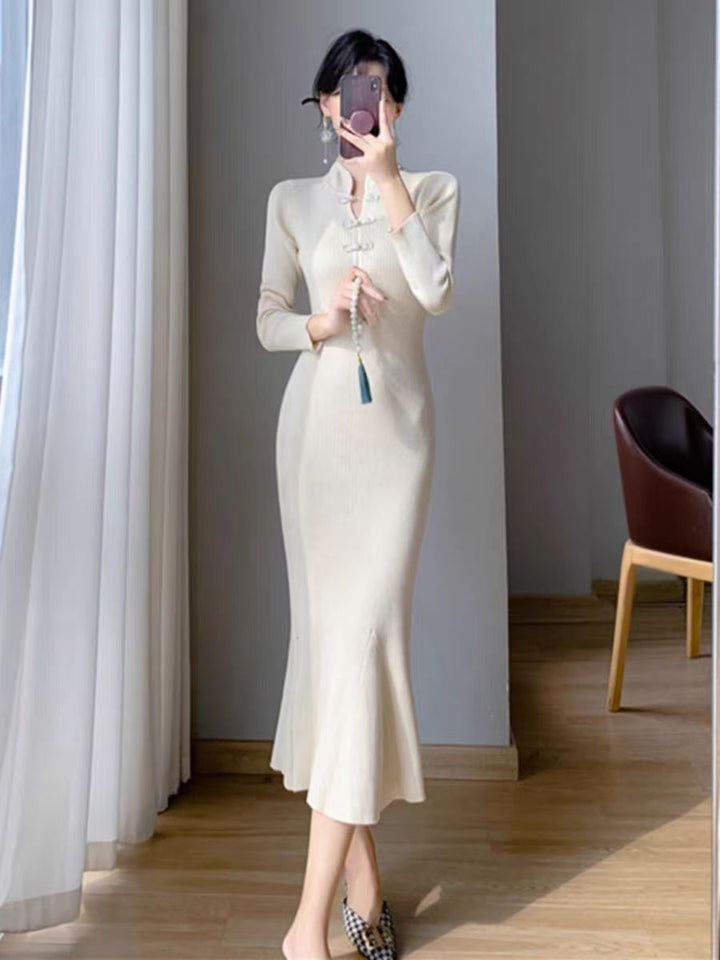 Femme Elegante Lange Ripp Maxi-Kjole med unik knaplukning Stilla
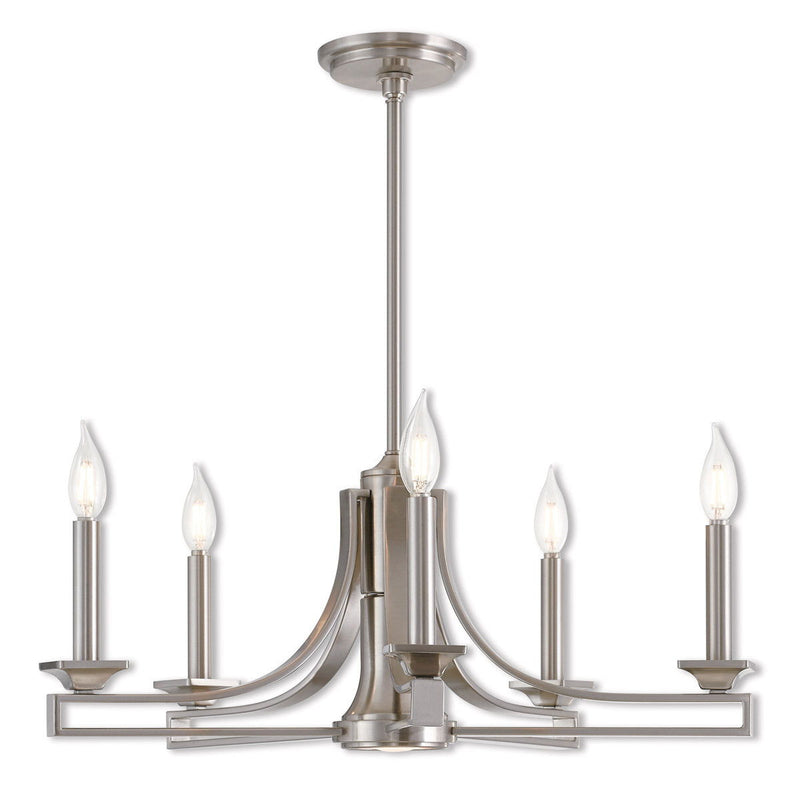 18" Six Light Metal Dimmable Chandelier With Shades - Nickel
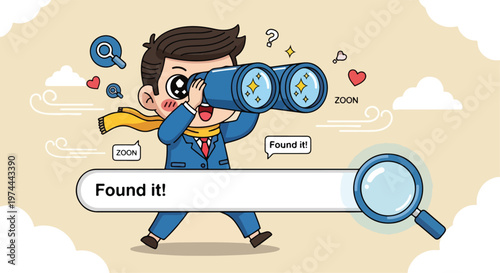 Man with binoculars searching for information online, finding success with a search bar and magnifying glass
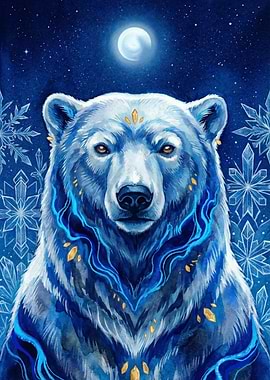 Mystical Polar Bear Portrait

#### WHAT THE TASK ASKS
Print the material verbatim; drop the pictures.

#### ANSWER SPACE
 Femme Elegante Lange Ripp Maxi-Kjole med unik knaplukning Stilla
 18" Six Light Metal Dimmable Chandelier With Shades - Nickel
 Man with binoculars searching for information online, finding success with a search bar and magnifying glass
 Mystical Polar Bear Portrait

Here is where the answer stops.